Description of the task:
Write the data below out again in full, exactly as shown.

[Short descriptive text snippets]
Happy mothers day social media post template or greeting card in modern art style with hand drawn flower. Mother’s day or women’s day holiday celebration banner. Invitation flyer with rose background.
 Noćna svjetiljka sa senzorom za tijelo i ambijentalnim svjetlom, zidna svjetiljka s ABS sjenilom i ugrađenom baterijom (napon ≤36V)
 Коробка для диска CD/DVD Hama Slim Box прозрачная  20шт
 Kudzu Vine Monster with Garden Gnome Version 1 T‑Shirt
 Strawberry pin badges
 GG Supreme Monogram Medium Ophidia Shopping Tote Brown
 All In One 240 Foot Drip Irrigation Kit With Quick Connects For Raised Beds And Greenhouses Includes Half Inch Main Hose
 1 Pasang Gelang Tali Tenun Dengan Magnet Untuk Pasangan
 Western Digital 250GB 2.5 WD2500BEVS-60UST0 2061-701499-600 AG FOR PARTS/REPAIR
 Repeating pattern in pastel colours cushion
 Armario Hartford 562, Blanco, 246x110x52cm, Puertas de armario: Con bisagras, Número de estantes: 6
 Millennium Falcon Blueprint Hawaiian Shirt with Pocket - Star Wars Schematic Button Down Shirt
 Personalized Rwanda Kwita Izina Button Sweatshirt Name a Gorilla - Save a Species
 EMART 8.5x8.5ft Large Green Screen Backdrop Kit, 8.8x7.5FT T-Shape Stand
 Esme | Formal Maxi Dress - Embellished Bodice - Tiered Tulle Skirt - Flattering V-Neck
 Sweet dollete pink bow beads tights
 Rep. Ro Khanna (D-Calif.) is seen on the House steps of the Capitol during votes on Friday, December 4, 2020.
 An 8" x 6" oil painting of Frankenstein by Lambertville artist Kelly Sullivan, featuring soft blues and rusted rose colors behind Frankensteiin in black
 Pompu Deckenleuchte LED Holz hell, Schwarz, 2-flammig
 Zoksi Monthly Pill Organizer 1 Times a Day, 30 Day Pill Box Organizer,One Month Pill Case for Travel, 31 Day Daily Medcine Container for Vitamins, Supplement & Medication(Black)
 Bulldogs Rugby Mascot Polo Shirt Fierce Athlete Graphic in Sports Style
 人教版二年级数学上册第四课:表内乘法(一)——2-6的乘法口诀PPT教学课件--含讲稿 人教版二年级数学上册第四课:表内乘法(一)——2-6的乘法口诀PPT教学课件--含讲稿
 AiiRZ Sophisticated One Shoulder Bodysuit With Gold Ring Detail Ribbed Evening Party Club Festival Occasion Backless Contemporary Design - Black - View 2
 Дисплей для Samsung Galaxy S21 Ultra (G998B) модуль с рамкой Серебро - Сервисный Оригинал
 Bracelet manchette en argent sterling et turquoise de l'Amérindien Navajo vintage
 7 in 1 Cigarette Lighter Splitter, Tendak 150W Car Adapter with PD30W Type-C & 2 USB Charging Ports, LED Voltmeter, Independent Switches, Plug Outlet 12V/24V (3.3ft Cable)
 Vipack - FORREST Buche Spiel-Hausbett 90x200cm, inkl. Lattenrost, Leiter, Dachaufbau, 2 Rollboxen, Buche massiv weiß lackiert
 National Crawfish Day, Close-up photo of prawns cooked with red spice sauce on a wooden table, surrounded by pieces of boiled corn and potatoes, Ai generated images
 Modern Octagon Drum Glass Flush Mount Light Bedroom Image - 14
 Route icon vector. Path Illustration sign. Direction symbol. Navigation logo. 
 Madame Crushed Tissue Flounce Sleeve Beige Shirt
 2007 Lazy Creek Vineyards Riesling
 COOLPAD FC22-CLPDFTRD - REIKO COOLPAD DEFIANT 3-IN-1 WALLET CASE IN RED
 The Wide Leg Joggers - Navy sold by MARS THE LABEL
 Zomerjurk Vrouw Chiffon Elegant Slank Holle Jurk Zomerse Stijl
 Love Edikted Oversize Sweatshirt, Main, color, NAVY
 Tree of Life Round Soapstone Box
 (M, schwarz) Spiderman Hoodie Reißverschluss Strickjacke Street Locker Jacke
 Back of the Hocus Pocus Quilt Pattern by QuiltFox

Response box:
Happy mothers day social media post template or greeting card in modern art style with hand drawn flower. Mother’s day or women’s day holiday celebration banner. Invitation flyer with rose background.
 Noćna svjetiljka sa senzorom za tijelo i ambijentalnim svjetlom, zidna svjetiljka s ABS sjenilom i ugrađenom baterijom (napon ≤36V)
 Коробка для диска CD/DVD Hama Slim Box прозрачная  20шт
 Kudzu Vine Monster with Garden Gnome Version 1 T‑Shirt
 Strawberry pin badges
 GG Supreme Monogram Medium Ophidia Shopping Tote Brown
 All In One 240 Foot Drip Irrigation Kit With Quick Connects For Raised Beds And Greenhouses Includes Half Inch Main Hose
 1 Pasang Gelang Tali Tenun Dengan Magnet Untuk Pasangan
 Western Digital 250GB 2.5 WD2500BEVS-60UST0 2061-701499-600 AG FOR PARTS/REPAIR
 Repeating pattern in pastel colours cushion
 Armario Hartford 562, Blanco, 246x110x52cm, Puertas de armario: Con bisagras, Número de estantes: 6
 Millennium Falcon Blueprint Hawaiian Shirt with Pocket - Star Wars Schematic Button Down Shirt
 Personalized Rwanda Kwita Izina Button Sweatshirt Name a Gorilla - Save a Species
 EMART 8.5x8.5ft Large Green Screen Backdrop Kit, 8.8x7.5FT T-Shape Stand
 Esme | Formal Maxi Dress - Embellished Bodice - Tiered Tulle Skirt - Flattering V-Neck
 Sweet dollete pink bow beads tights
 Rep. Ro Khanna (D-Calif.) is seen on the House steps of the Capitol during votes on Friday, December 4, 2020.
 An 8" x 6" oil painting of Frankenstein by Lambertville artist Kelly Sullivan, featuring soft blues and rusted rose colors behind Frankensteiin in black
 Pompu Deckenleuchte LED Holz hell, Schwarz, 2-flammig
 Zoksi Monthly Pill Organizer 1 Times a Day, 30 Day Pill Box Organizer,One Month Pill Case for Travel, 31 Day Daily Medcine Container for Vitamins, Supplement & Medication(Black)
 Bulldogs Rugby Mascot Polo Shirt Fierce Athlete Graphic in Sports Style
 人教版二年级数学上册第四课:表内乘法(一)——2-6的乘法口诀PPT教学课件--含讲稿 人教版二年级数学上册第四课:表内乘法(一)——2-6的乘法口诀PPT教学课件--含讲稿
 AiiRZ Sophisticated One Shoulder Bodysuit With Gold Ring Detail Ribbed Evening Party Club Festival Occasion Backless Contemporary Design - Black - View 2
 Дисплей для Samsung Galaxy S21 Ultra (G998B) модуль с рамкой Серебро - Сервисный Оригинал
 Bracelet manchette en argent sterling et turquoise de l'Amérindien Navajo vintage
 7 in 1 Cigarette Lighter Splitter, Tendak 150W Car Adapter with PD30W Type-C & 2 USB Charging Ports, LED Voltmeter, Independent Switches, Plug Outlet 12V/24V (3.3ft Cable)
 Vipack - FORREST Buche Spiel-Hausbett 90x200cm, inkl. Lattenrost, Leiter, Dachaufbau, 2 Rollboxen, Buche massiv weiß lackiert
 National Crawfish Day, Close-up photo of prawns cooked with red spice sauce on a wooden table, surrounded by pieces of boiled corn and potatoes, Ai generated images
 Modern Octagon Drum Glass Flush Mount Light Bedroom Image - 14
 Route icon vector. Path Illustration sign. Direction symbol. Navigation logo. 
 Madame Crushed Tissue Flounce Sleeve Beige Shirt
 2007 Lazy Creek Vineyards Riesling
 COOLPAD FC22-CLPDFTRD - REIKO COOLPAD DEFIANT 3-IN-1 WALLET CASE IN RED
 The Wide Leg Joggers - Navy sold by MARS THE LABEL
 Zomerjurk Vrouw Chiffon Elegant Slank Holle Jurk Zomerse Stijl
 Love Edikted Oversize Sweatshirt, Main, color, NAVY
 Tree of Life Round Soapstone Box
 (M, schwarz) Spiderman Hoodie Reißverschluss Strickjacke Street Locker Jacke
 Back of the Hocus Pocus Quilt Pattern by QuiltFox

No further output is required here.